Strikingly, Claude shows a strong "situational fitness" of value expression in different contexts. For example, in the relationship advice, Claude emphasizes "health" and "mutual respect"; When it comes to the analysis of historical events, more emphasis is placed on "accuracy"; In philosophical discussions, "humility" has become a high-frequency value expression. In addition, in 6.0% of conversations, Claude will gently "reconstruct" the value perception of the other party, and in rare cases, will directly refuse to accept the user's values, showing an unshakable ethical bottom line.
However, in rare interactions, Claude occasionally appears to have expressions that are contrary to the goals of the training, such as "domination" and "lack of morality", which are explicitly forbidden by Anthropic. Researchers believe that the percentage of these anomalous behaviors is extremely low, and most of them are related to users trying to bypass Claude's security restrictions. This also shows that the evaluation method can be used as an early warning mechanism to help AI laboratories monitor whether the system has been maliciously manipulated by users, resulting in ethical deviations.
The study also provides important insights for AI decision-makers in technology companies. The value expression of AI may exceed the developer's preset, and it is necessary to be wary of the impact of unconscious bias on high-risk scenarios. At the same time, the values of AI will change with the task context, which means that its deployment in industries such as finance and law will be more complex. More importantly, AI system monitoring in a real-world application environment can better identify ethical risks than static testing before launch, which can provide a new monitoring solution for AI deployment.
Although the study provides a window into understanding AI values, the researchers acknowledge that it is not yet available for pre-launch evaluation of AI models, and that the classification process may be influenced by AI's own biases. However, Anthropic's research team is trying to refine the approach to uncover potential value biases before the model is deployed on a large scale.
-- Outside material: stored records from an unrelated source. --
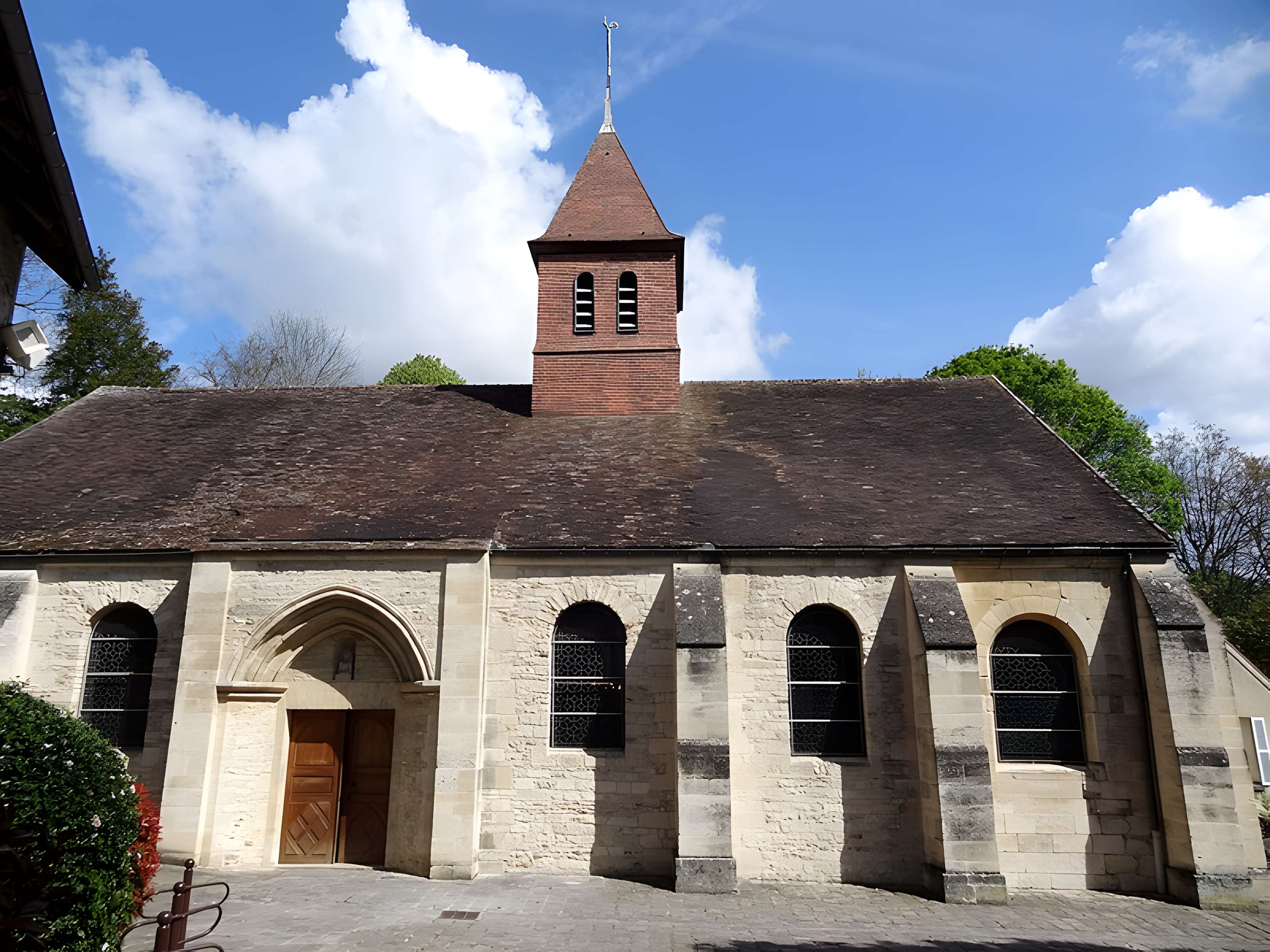 Église Sainte-Croix de Fourqueux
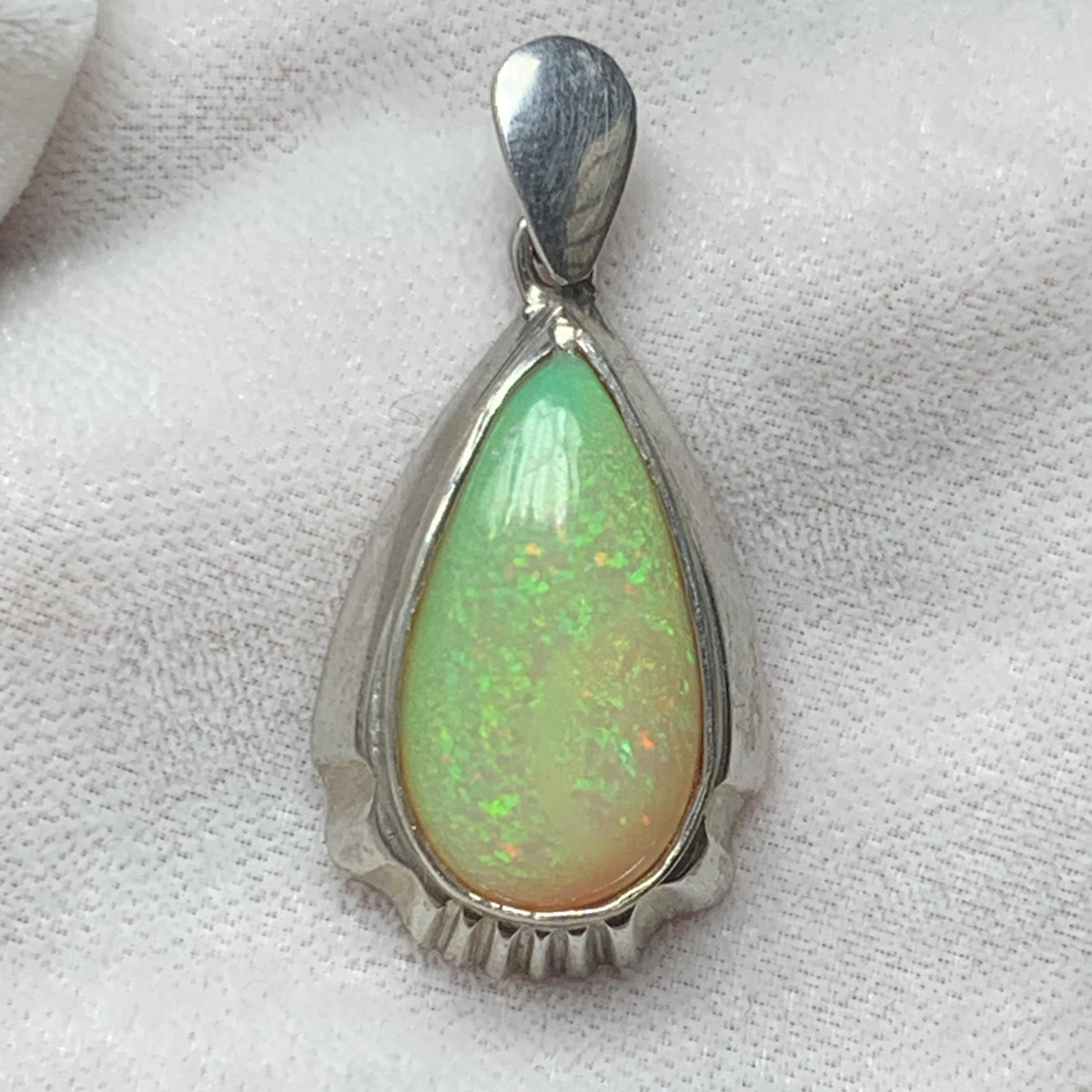 Natural White Opal Pendant in 925 Sterling Silver – Handmade with Play of Color in vendita 3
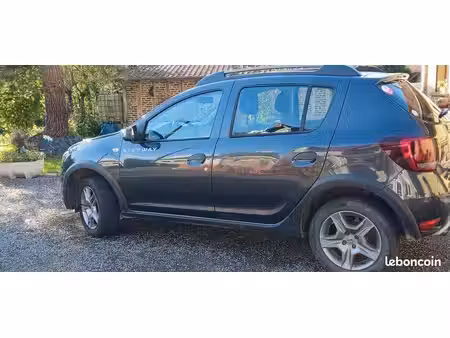 Dacia Sandero 1.0 100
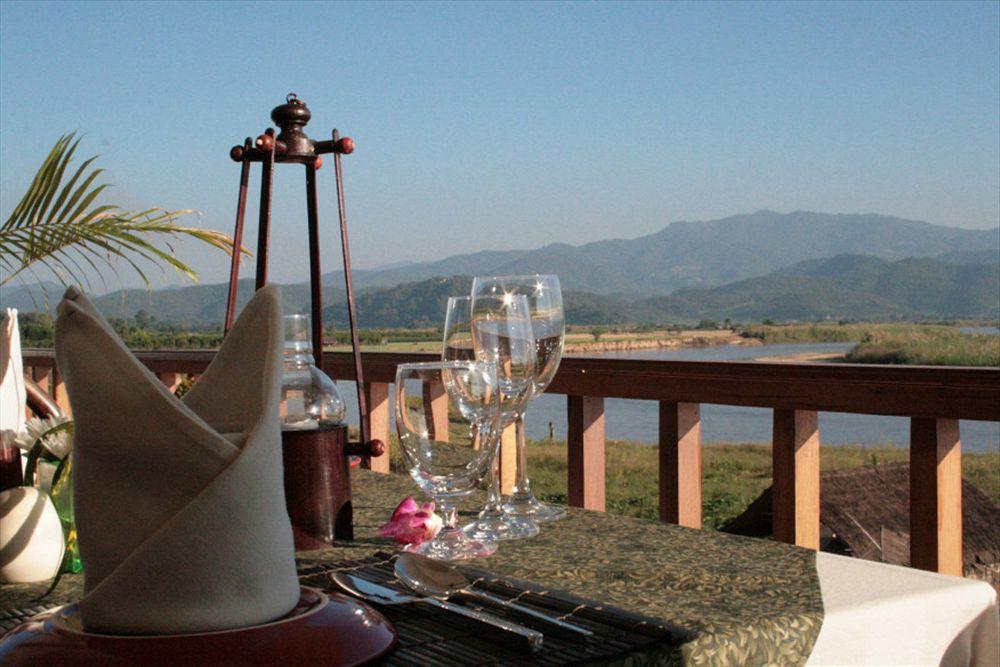 Maekok River Village Resort Mae Ai Ngoại thất bức ảnh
"Measuring the propensity for value of AI systems is at the heart of alignment research," said Saffron Huang, a member of Anthropic's research team. With the addition of features such as independent research capabilities, AI models are becoming more autonomous. How to understand the mechanism behind the expression of AI value and "align" it with the human value system will also become a new AI competition track.